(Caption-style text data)
□ □ □
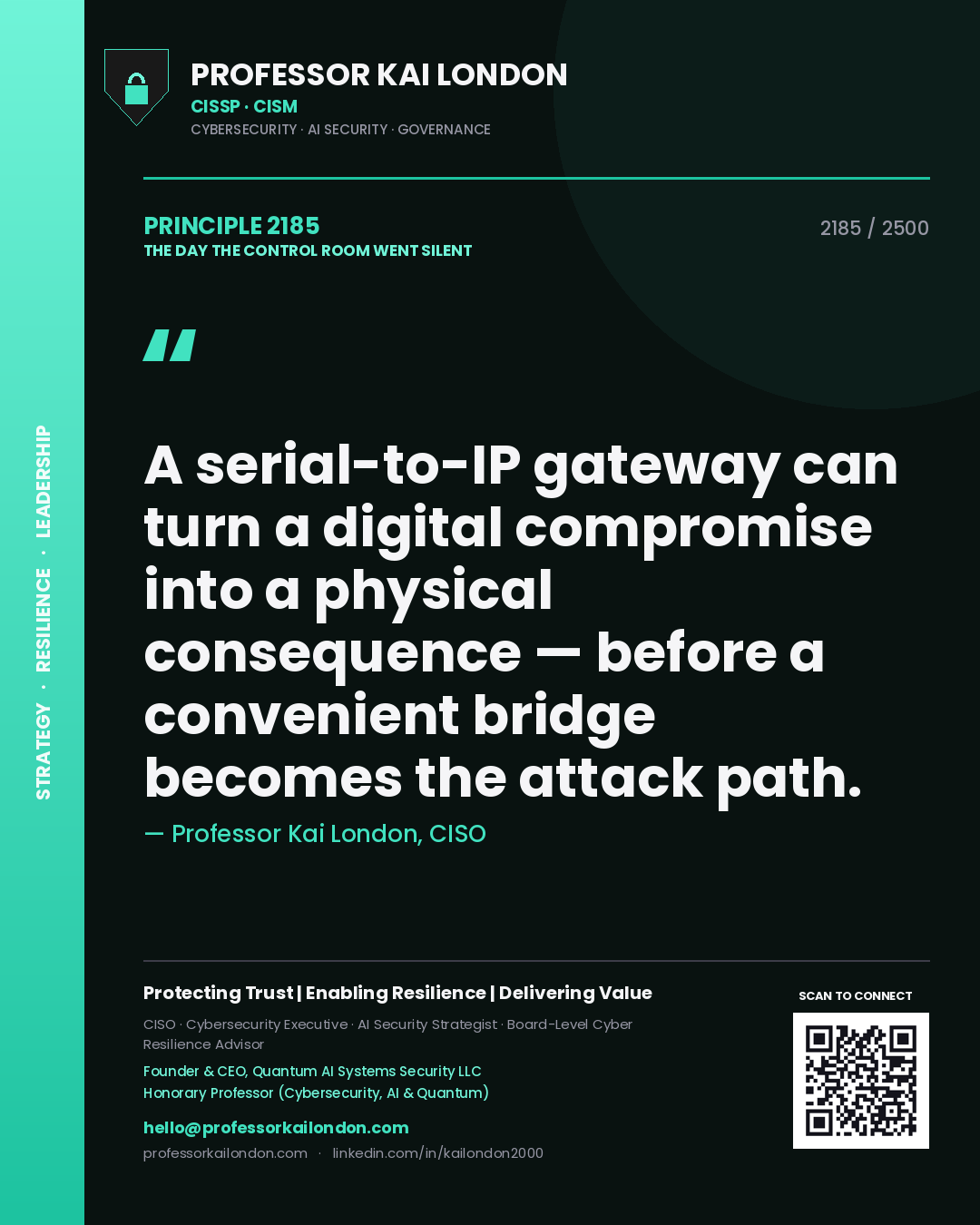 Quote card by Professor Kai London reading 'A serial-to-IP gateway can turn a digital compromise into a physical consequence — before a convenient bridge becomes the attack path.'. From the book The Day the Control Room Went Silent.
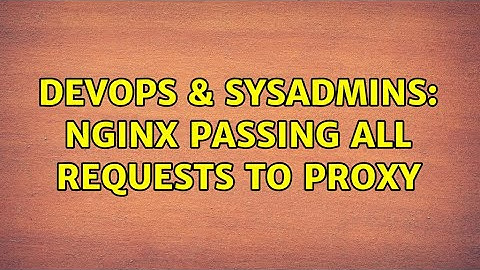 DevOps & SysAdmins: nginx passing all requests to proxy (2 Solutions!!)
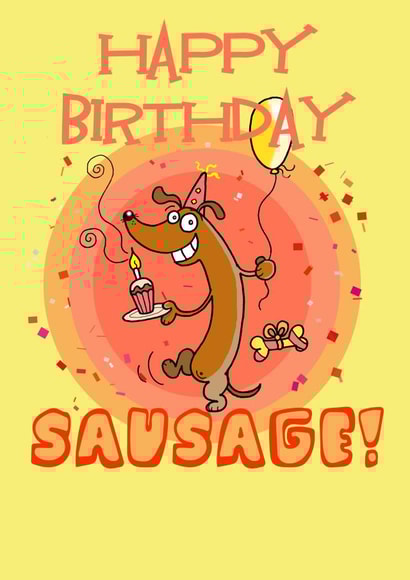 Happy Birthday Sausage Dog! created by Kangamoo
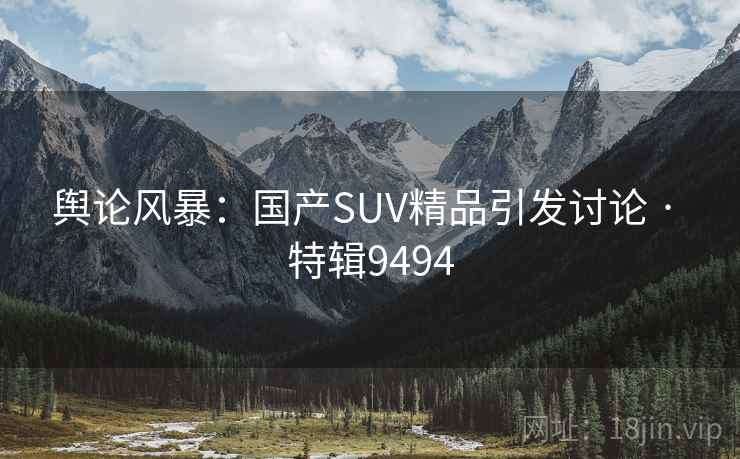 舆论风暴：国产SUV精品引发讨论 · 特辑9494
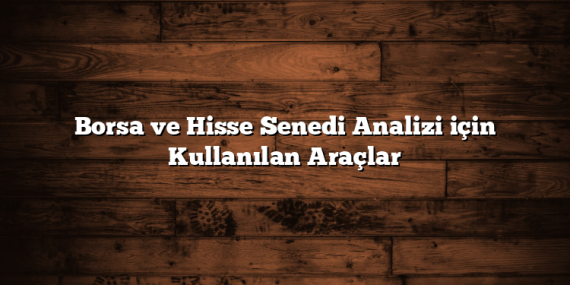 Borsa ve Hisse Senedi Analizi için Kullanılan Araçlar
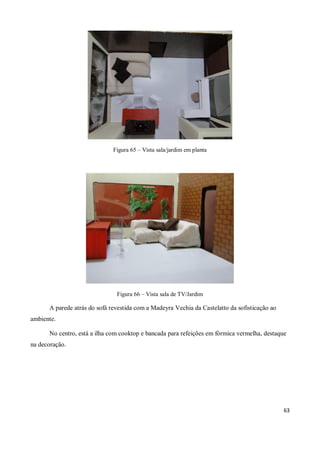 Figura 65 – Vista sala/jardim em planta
□ □ □
Copy each entry exactly as written. Images should not appear in the copy.

 Quote card by Professor Kai London reading 'A serial-to-IP gateway can turn a digital compromise into a physical consequence — before a convenient bridge becomes the attack path.'. From the book The Day the Control Room Went Silent.
 DevOps & SysAdmins: nginx passing all requests to proxy (2 Solutions!!)
 Happy Birthday Sausage Dog! created by Kangamoo
 舆论风暴：国产SUV精品引发讨论 · 特辑9494
 Borsa ve Hisse Senedi Analizi için Kullanılan Araçlar
 Figura 65 – Vista sala/jardim em planta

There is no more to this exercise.